Captioned web image data
[Start of section]
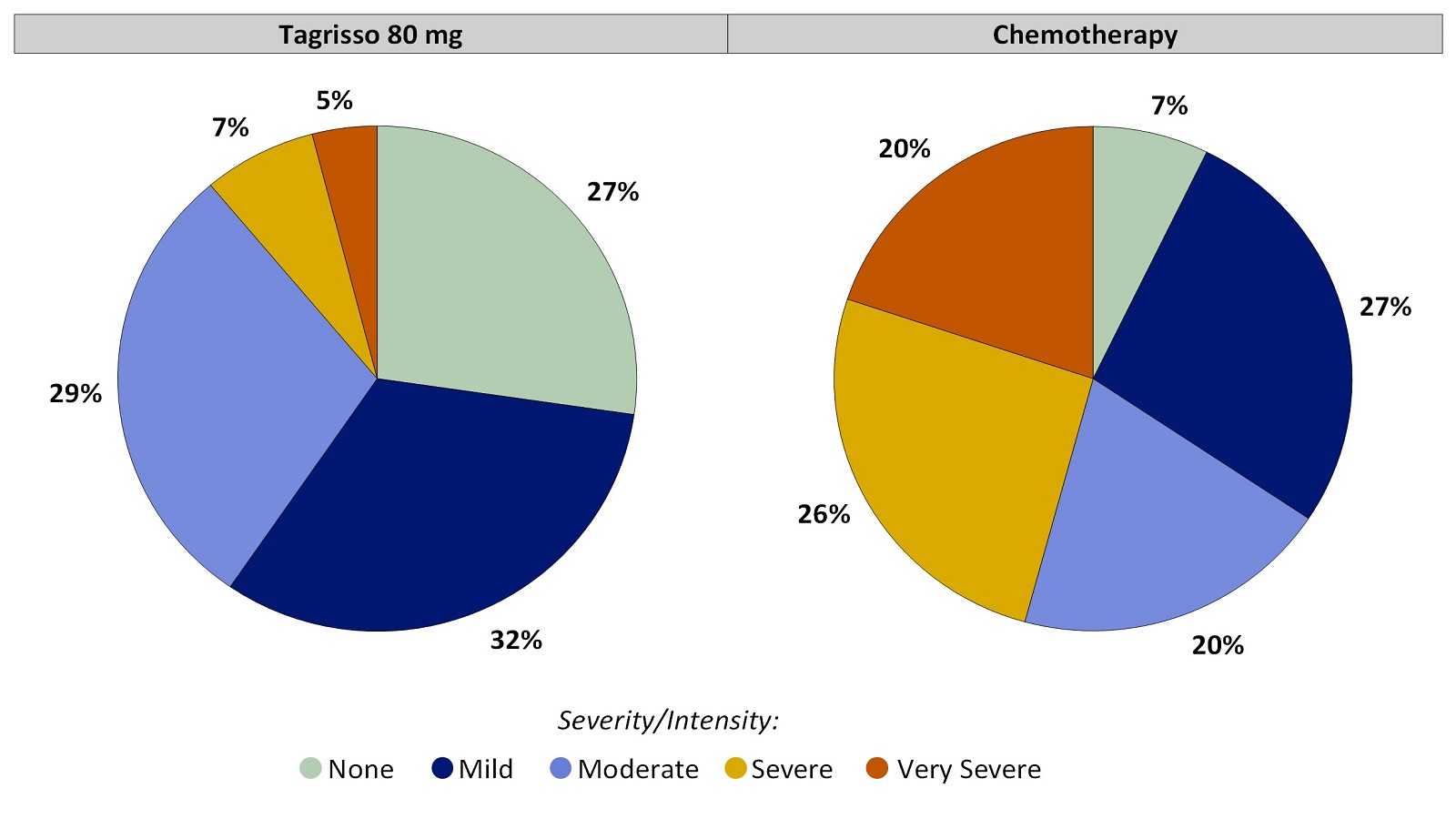 Two pie charts, one for Tagrisso and the other for chemotherapy, summarizing the percentage of patients by worst reported decreased appetite during the first 24 weeks of the clinical trial. In the Tagrisso arm, None (27%), Mild (32%), Moderate (29%), Severe (7%) and Very severe (5%). In the chemotherapy arm, None (7%), Mild (27%), Moderate (20%), Severe (26%) and Very severe (20%).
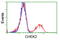 Checkpoint Kinase 2 antibody, LS-C114505, Lifespan Biosciences, Flow Cytometry image 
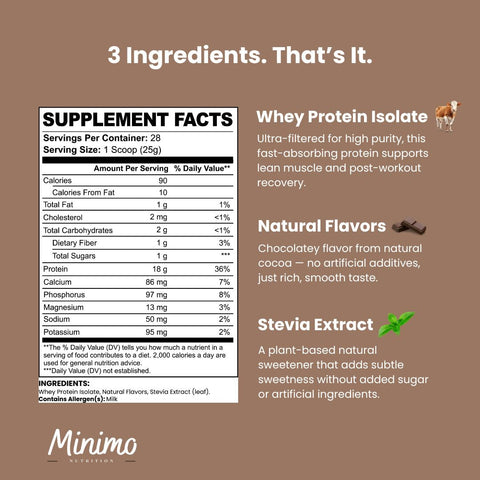 Chocolate Whey Isolate Protein Powder 1.54 lbs Minimo Nutrition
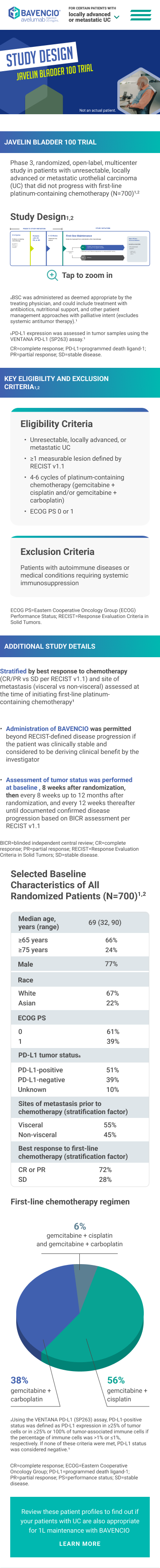 Infographic for the JAVELIN BLADDER 100 Trial study design on locally advanced or metastatic urothelial carcinoma (UC). It describes a phase 3, multicenter, randomized, open-label study with 700 patients who had advanced or metastatic UC not progressing after first-line platinum-containing chemotherapy. Includes diagrams of study phases, eligibility and exclusion criteria listing requirements such as measurable lesion, prior chemotherapy cycles, and no autoimmune diseases needing immunosuppression. Additional details on study administration, tumor assessment, and baseline patient characteristics with charts covering age, sex, race, ECOG PS, PD-L1 tumor status, metastasis sites, and chemotherapy response. A pie chart shows first-line chemotherapy regimens used. The image promotes learning more about patient profiles for treatment with BAVENCIO.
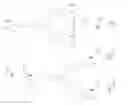 Fig. 01 - Thermoplastic elastomers containing an oligopeptide hard component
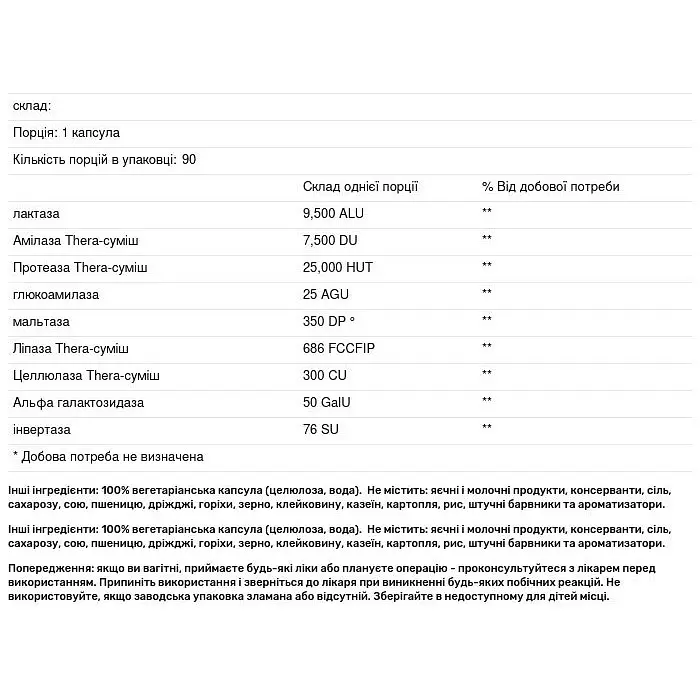 Ферменти для травлення Enzymedica Lacto молочна формула 90 капсул - фото 3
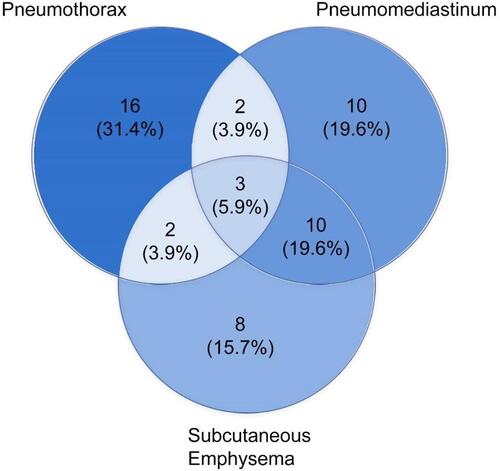 Figure 3 Venn diagram showing distribution of patients having different scenarios of barotrauma.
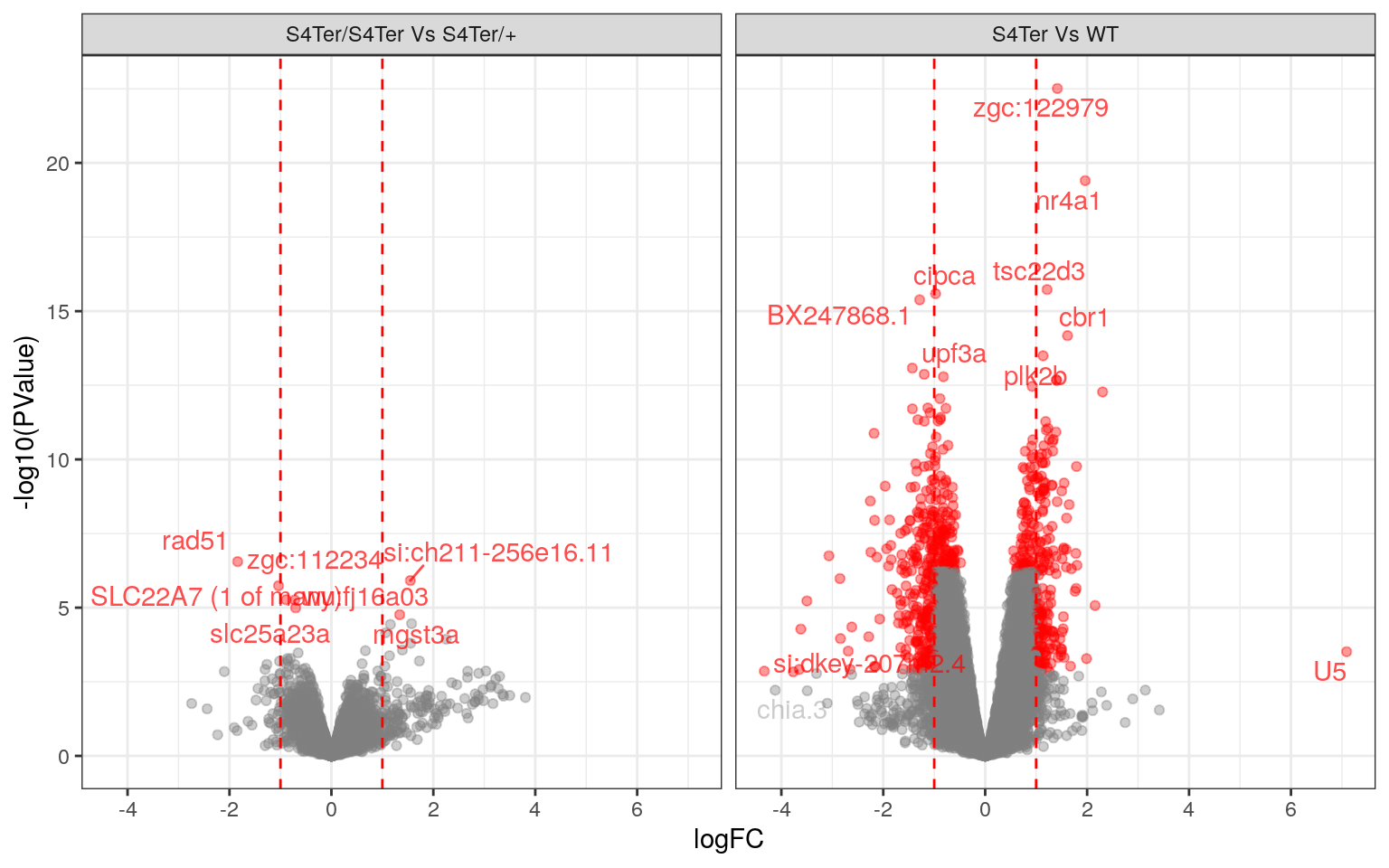 *Volcano Plots showing DE genes against logFC.*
[End of section]
* Task description
Using the entries above, write out exactly the lines from the one with "Checkpoint Kinase 2" through the one with "Infographic for the", ends included. Leave out any pictures.

* Answer to the exercise
 Checkpoint Kinase 2 antibody, LS-C114505, Lifespan Biosciences, Flow Cytometry image 
 Chocolate Whey Isolate Protein Powder 1.54 lbs Minimo Nutrition
 Infographic for the JAVELIN BLADDER 100 Trial study design on locally advanced or metastatic urothelial carcinoma (UC). It describes a phase 3, multicenter, randomized, open-label study with 700 patients who had advanced or metastatic UC not progressing after first-line platinum-containing chemotherapy. Includes diagrams of study phases, eligibility and exclusion criteria listing requirements such as measurable lesion, prior chemotherapy cycles, and no autoimmune diseases needing immunosuppression. Additional details on study administration, tumor assessment, and baseline patient characteristics with charts covering age, sex, race, ECOG PS, PD-L1 tumor status, metastasis sites, and chemotherapy response. A pie chart shows first-line chemotherapy regimens used. The image promotes learning more about patient profiles for treatment with BAVENCIO.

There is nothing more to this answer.